## Exercise details
Write out again only the lines between the one with "Upper Blepharoplasty Before" and the end of the records below, both ends counted, and don't include the pictures.

[Records from a data source]
════════════════════
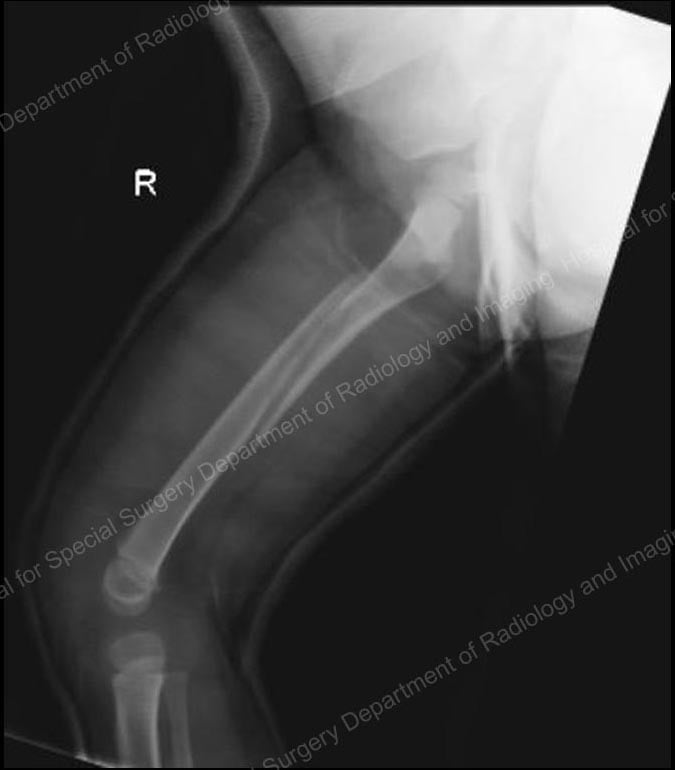 X-ray image showing femur fracture with spica cast.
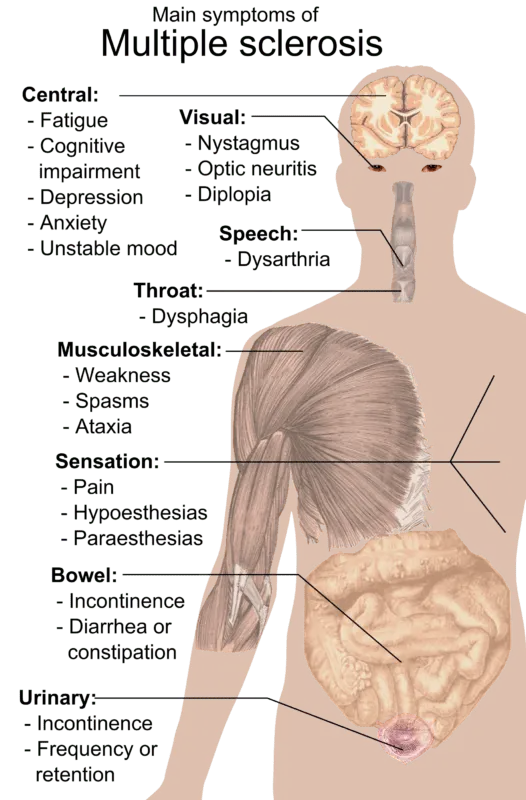 Signs of multiple sclerosis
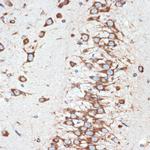 LMAN1 Antibody in Immunohistochemistry (Paraffin) (IHC (P))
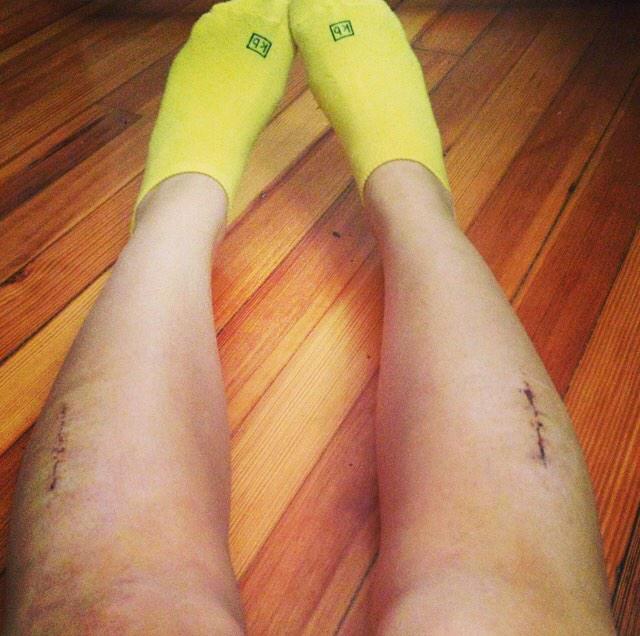 erikaflowerss's tweet photo. Scars only prove that you are stronger then what tried to defeat you. #FourWeeksDown ๐ http://t.co/m4WEqFAFmv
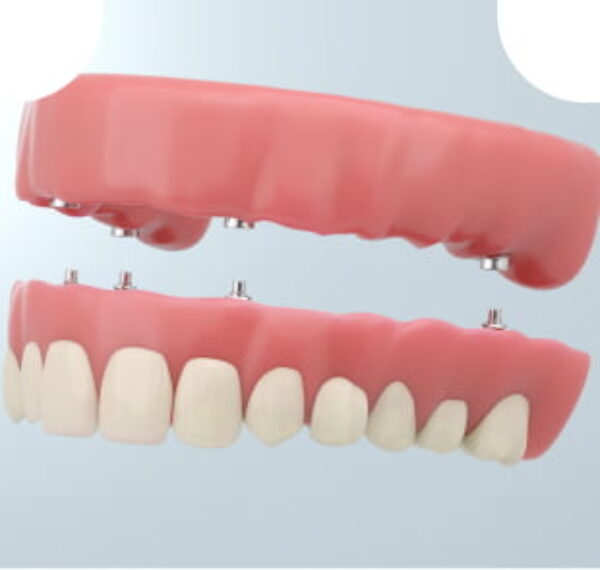  Dental Implant Rowtree Dental Care
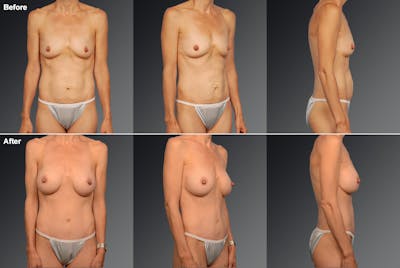 Mommy Makeover Before & After Gallery - Patient 105741257 - Image 1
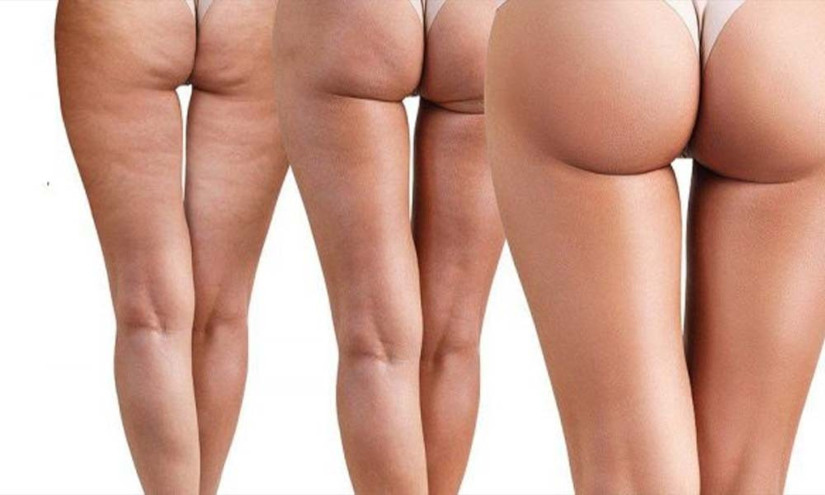 Top 6 Things You Should Know About Cellulite - Muscle & Fitness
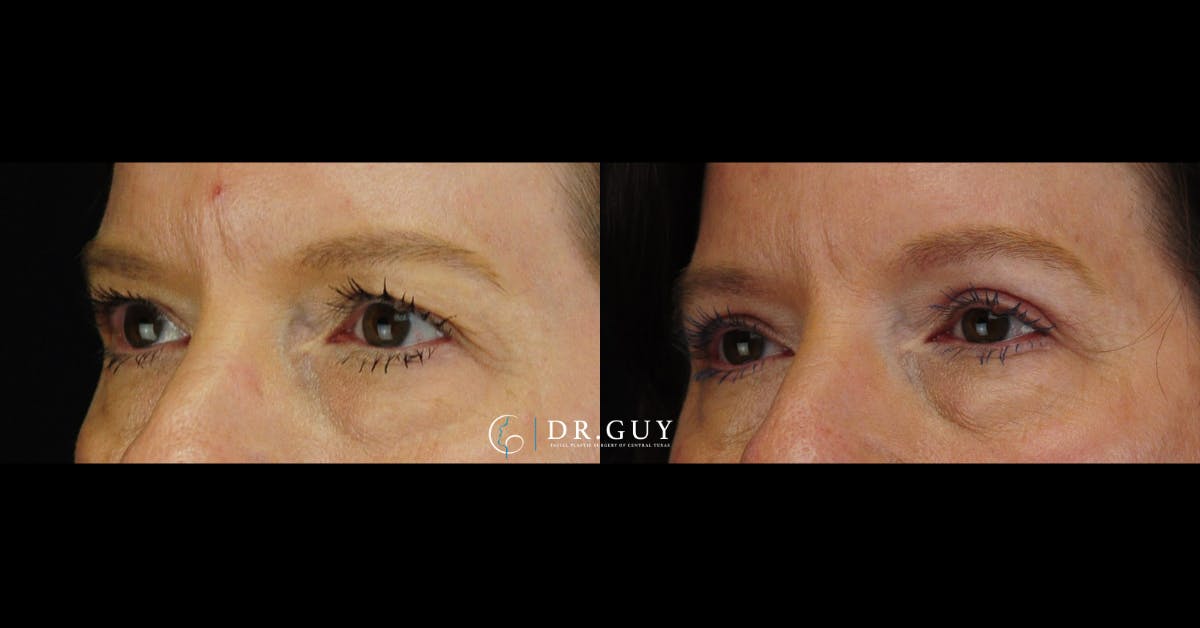 Upper Blepharoplasty Before & After Gallery - Patient 349154 - Image 1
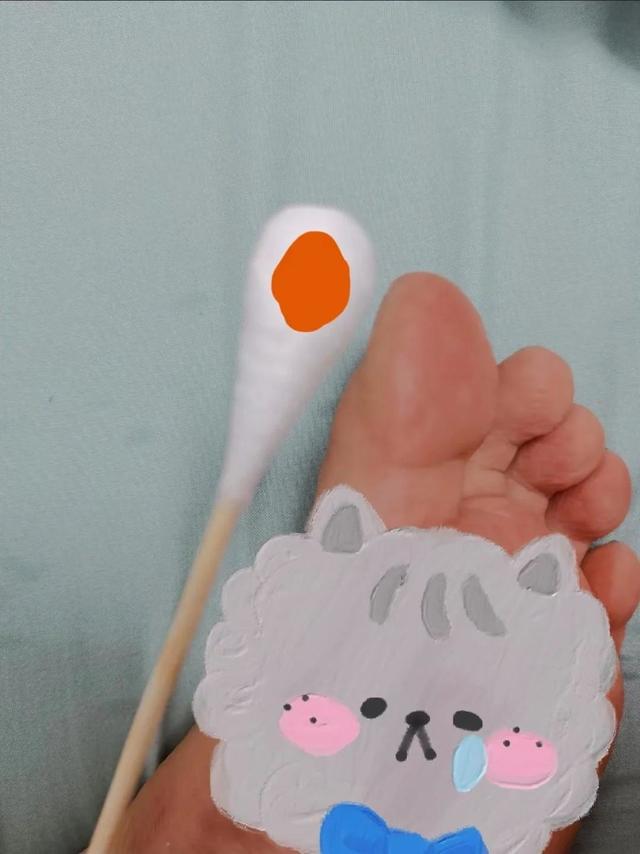 自己~自藏的治霉菌方法！真的好使！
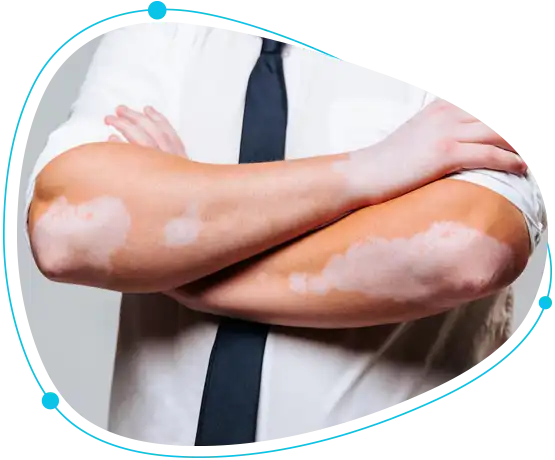 Top hospitals for vitiligo surgery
════════════════════
## Response
 Upper Blepharoplasty Before & After Gallery - Patient 349154 - Image 1
 自己~自藏的治霉菌方法！真的好使！
 Top hospitals for vitiligo surgery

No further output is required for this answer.